A menudo vivimos en medio de una ilusión: queremos que cambie lo que nos rodea, que cambien las circunstancias, y tenemos la impresión de que, entonces, todo iría mejor. Pero eso suele ser un error: no son las circunstancias exteriores las que han de cambiar: en primer lugar ha de cambiar nuestro corazón, purificándose de su encierro, de su tristeza, de su falta de esperanza: «Bienaventurados los limpios de corazón porque ellos verán a Dios» (Mt 5,8). Bienaventurados los que tienen el corazón purificado por la fe y la esperanza, que dirigen hacia su vida una mirada iluminada por la certeza de que, a pesar de las apariencias desfavorables, Dios está presente, atiende a sus necesidades esenciales y que, por lo tanto, nada les falta. Entonces, si tienen esta fe, verán a Dios: experimentarán la presencia de Dios, que les acompaña y les guía; comprenderán que todas aquellas circunstancias que les parecían negativas y perjudiciales para su vida espiritual, en la pedagogía de Dios son, de hecho, medios poderosos para hacerles avanzar y crecer. San Juan de la Cruz dice que «suele ocurrir que, por donde cree perder, el alma gana y aprovecha más». Eso es muy cierto.

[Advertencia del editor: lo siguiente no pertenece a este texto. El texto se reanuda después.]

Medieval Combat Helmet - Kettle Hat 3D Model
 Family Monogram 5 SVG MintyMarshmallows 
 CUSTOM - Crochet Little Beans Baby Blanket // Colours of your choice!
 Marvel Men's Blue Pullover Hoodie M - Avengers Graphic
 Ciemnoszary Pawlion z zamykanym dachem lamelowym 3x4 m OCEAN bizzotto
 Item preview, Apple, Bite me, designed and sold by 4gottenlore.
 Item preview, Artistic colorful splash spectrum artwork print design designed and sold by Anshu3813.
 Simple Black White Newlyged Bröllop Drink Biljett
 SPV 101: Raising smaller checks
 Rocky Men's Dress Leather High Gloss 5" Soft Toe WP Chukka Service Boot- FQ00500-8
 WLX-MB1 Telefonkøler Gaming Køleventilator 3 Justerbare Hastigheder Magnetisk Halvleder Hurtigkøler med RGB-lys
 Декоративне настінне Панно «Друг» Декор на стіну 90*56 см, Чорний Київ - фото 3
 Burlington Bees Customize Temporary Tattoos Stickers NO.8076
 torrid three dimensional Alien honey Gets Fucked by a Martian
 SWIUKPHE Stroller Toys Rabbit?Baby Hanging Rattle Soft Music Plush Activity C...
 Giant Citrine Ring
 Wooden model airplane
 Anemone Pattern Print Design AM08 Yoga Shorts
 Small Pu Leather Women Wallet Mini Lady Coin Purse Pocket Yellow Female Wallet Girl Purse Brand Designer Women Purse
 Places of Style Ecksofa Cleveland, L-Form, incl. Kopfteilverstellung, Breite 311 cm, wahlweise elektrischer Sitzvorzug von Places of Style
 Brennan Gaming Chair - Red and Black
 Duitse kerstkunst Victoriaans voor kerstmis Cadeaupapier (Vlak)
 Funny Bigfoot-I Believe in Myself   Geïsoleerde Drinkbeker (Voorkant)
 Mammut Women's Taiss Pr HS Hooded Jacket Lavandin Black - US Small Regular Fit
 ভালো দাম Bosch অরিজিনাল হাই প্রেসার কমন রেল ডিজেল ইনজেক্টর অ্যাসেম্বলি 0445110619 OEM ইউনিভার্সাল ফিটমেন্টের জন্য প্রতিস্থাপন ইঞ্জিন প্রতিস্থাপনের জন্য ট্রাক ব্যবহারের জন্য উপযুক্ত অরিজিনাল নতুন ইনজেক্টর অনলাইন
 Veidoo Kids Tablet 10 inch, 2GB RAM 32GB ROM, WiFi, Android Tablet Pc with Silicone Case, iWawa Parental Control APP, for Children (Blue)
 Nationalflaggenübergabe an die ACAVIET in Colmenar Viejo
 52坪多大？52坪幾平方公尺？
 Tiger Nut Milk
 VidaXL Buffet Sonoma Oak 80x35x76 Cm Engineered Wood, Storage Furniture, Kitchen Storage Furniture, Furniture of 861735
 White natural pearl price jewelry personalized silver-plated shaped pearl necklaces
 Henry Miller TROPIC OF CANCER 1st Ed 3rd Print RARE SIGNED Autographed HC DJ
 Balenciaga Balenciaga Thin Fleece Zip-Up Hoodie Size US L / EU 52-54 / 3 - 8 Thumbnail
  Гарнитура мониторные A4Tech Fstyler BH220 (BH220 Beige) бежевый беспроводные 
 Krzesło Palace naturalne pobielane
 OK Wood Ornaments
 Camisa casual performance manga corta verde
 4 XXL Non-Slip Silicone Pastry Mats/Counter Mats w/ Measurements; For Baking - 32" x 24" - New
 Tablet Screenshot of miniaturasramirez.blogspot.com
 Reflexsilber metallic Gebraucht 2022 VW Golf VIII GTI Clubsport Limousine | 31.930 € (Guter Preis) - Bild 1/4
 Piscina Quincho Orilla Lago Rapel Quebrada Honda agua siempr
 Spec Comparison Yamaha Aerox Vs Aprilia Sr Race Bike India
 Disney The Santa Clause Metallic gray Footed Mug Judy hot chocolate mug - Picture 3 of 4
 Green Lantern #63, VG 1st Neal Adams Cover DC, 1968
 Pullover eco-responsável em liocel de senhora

En algunas ocasiones estamos tan obnubilados por lo que no funciona, por lo que (¡según nuestros criterios!) debería ser diferente en nuestro caso, que olvidamos lo positivo, además de que no sabemos aprovechar todos los aspectos de nuestra situación, incluso los aparentemente negativos, para acercarnos a Dios y crecer en fe, en amor y en humildad. Lo que nos falta es, sobre todo, la convicción de que «el amor de Dios saca provecho de todo, del bien y del mal que se encuentra en mí» (Santa Teresa de Lisieux, inspirándose en San Juan de la Cruz). En lugar de lamentarnos y de querer librarnos a toda costa de nuestras imperfecciones, podríamos convertirlas en unas ocasiones espléndidas para avanzar en humildad y confianza en la misericordia de Dios y, como consecuencia, en santidad.
El problema de fondo es que estamos demasiado apegados a nuestras opiniones sobre lo que es bueno y lo que no lo es, y no confiamos suficientemente en la Sabiduría y el poder de Dios. No creemos que sea capaz de usar de todo para nuestro bien y que nunca, en cualquier circunstancia, dejará que nos falte lo esencial, en pocas palabras, lo que nos permita amar más, pues crecer o desarrollarse en la vida espiritual es aprender a amar. Si tuviéramos más fe, muchas circunstancias que consideramos perniciosas podrían convertirse en unas ocasiones maravillosas para amar más, ser más pacientes, más humildes, más dulces, más misericordiosos, y de abandonarnos más en las manos de Dios.
Cuando lleguemos a convencernos de esto, obtendremos una fuerza inmensa: Dios puede permitir que algunas veces me falte el dinero, la salud, el talento, las virtudes, pero nunca me faltará Él mismo, su ayuda y su misericordia, y todo lo que me permita acercarme siempre más estrechamente a Él, amarle más intensamente, amar mejor al prójimo y alcanzar la santidad.